The poorly handled firing of Miyoko Schinner last year (which we all learned about this winter suddenly) should remind us that investor/founder alignment is not always great. This is especially true if both parties are not really listening to each other up front and are caught up in the whirlwind of a market fad. Gold fever, they call it. 

As the more empowered party, investors should take far more responsibility than they often do in ensuring that founders understand what the investor wants today in a founder and how that founder would need to evolve to remain in their CEO seat.

Here’s a list of known reasons why investors will argue for your replacement:

·      You don’t understand how investors view ‘control’ (i.e., 51%) and accidentally lose it! They now need no argument at all, really.

·      Don’t believe you can professionally develop yourself to scale a CPG business.

·      You display an inability to shift from your initial position on anything, even when presented with complex data.

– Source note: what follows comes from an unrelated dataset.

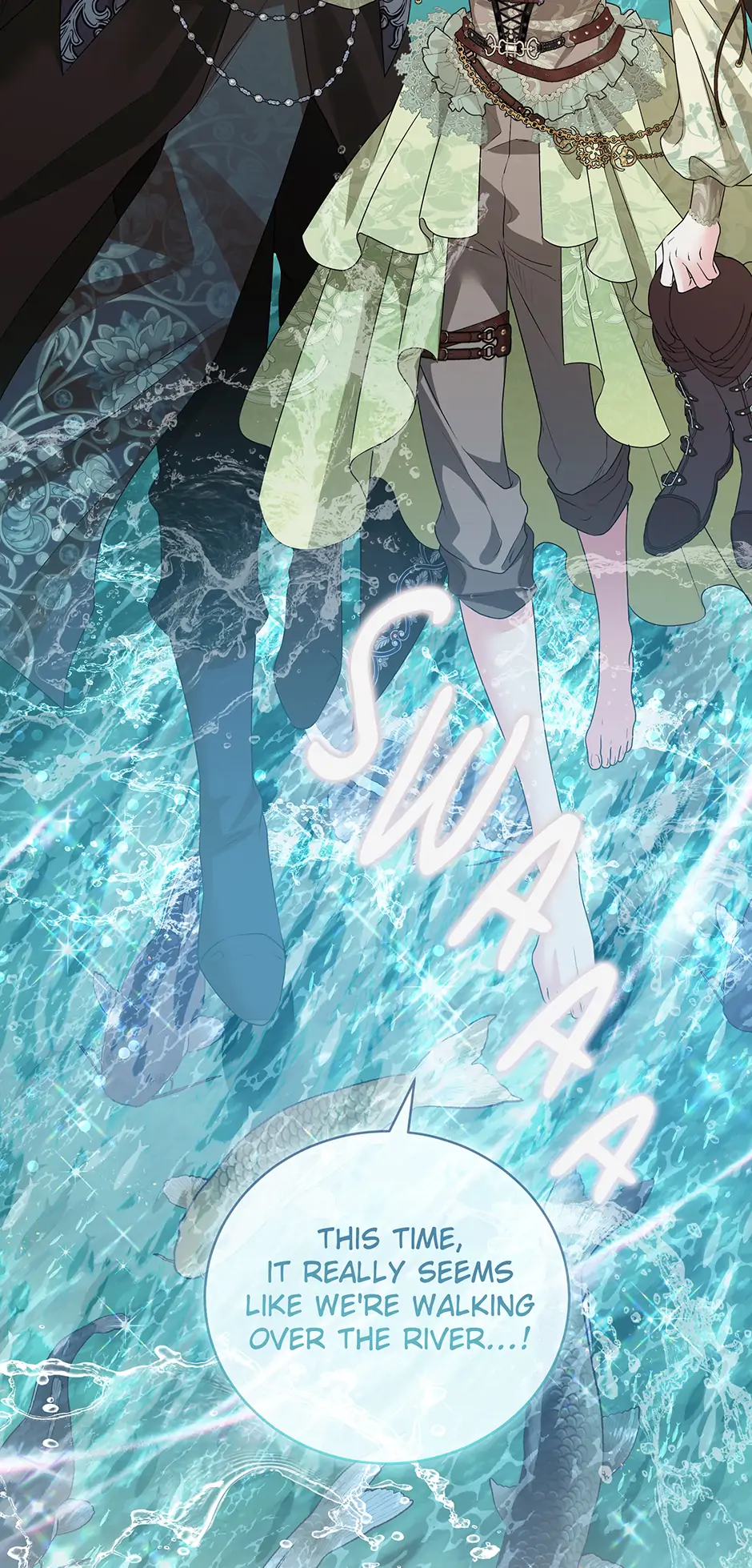 A Breath in the End of Verdure - Chapter 44 manhwa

·      You make substantial operational blunders that wound the topline trajectory.

·      Believing you should have the final say, regardless of your legal voting power, simply because you started the business. 

·      A prejudice against founders with no prior executive background once the company reaches $100M or more.

·      Prejudice against those without a finance background

For years, I’ve watched venture capitalists move in and seize control of emerging brands founded by wide-eyed, liberal arts innovators with little to no business background. Most of the time, it blows up as the VC underestimates the challenge of communicating with non-business types. So many founders have had to hire lawyers to buy out these folks and regain their autonomy.

Replacing the founder is most ethically accomplished when the founder approaches investors, asking them to take their business over. (e.g., Angie’s Popcorn did this years ago). Great. So be it if that’s what you want. I have no idea how often this happens, but it’s how you want to cede control if you ever do.

Founders must accept that once they sign terms sheets, the legal math of control is in charge, and their symbolic status as ‘founder’ won’t save them. 

So, if you believe you have what it takes to ride your brand to scale, then you need to:

a)     Never cede control at all

b)   Or, if you do, commit to intense professionalization of yourself so that you evolve to meet the standard that investors want to see in an operator of a $100M business.

Refusing to accept what ‘legal control’ means helps no one in the end.